**What is needed:** Starting at the line with "WGU Educational Psychology" and going on through the line with "JFM Potential Temperature", reproduce each line in the records below exactly and nothing more.

--- Exercise input Enclosed Below ---

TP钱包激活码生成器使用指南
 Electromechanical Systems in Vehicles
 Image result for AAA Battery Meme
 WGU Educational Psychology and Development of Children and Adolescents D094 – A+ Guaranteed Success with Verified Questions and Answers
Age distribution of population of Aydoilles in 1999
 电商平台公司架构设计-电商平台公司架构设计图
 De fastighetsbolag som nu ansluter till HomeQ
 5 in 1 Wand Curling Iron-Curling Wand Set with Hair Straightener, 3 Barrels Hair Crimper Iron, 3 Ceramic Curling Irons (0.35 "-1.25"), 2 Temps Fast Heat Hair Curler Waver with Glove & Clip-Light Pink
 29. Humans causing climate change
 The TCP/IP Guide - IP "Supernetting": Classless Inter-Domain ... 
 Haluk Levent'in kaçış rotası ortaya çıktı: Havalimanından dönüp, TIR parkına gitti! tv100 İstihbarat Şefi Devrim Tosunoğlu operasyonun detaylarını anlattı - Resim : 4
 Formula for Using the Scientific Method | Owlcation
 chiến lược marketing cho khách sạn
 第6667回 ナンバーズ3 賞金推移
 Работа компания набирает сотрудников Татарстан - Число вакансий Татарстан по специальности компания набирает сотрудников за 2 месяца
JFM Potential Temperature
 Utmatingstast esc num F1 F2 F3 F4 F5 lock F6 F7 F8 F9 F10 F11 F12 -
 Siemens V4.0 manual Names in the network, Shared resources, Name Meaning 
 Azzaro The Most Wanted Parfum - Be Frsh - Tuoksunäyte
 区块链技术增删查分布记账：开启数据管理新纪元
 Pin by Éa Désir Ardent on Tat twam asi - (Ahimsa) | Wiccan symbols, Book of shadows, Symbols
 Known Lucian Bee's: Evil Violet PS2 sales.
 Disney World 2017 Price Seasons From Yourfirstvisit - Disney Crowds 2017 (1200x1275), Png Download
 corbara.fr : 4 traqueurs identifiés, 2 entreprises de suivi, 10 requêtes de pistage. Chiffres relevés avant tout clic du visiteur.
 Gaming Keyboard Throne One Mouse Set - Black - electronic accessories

--- End of Enclosed Exercise input ---

**Finished exercise:**
 WGU Educational Psychology and Development of Children and Adolescents D094 – A+ Guaranteed Success with Verified Questions and Answers
Age distribution of population of Aydoilles in 1999
 电商平台公司架构设计-电商平台公司架构设计图
 De fastighetsbolag som nu ansluter till HomeQ
 5 in 1 Wand Curling Iron-Curling Wand Set with Hair Straightener, 3 Barrels Hair Crimper Iron, 3 Ceramic Curling Irons (0.35 "-1.25"), 2 Temps Fast Heat Hair Curler Waver with Glove & Clip-Light Pink
 29. Humans causing climate change
 The TCP/IP Guide - IP "Supernetting": Classless Inter-Domain ... 
 Haluk Levent'in kaçış rotası ortaya çıktı: Havalimanından dönüp, TIR parkına gitti! tv100 İstihbarat Şefi Devrim Tosunoğlu operasyonun detaylarını anlattı - Resim : 4
 Formula for Using the Scientific Method | Owlcation
 chiến lược marketing cho khách sạn
 第6667回 ナンバーズ3 賞金推移
 Работа компания набирает сотрудников Татарстан - Число вакансий Татарстан по специальности компания набирает сотрудников за 2 месяца
JFM Potential Temperature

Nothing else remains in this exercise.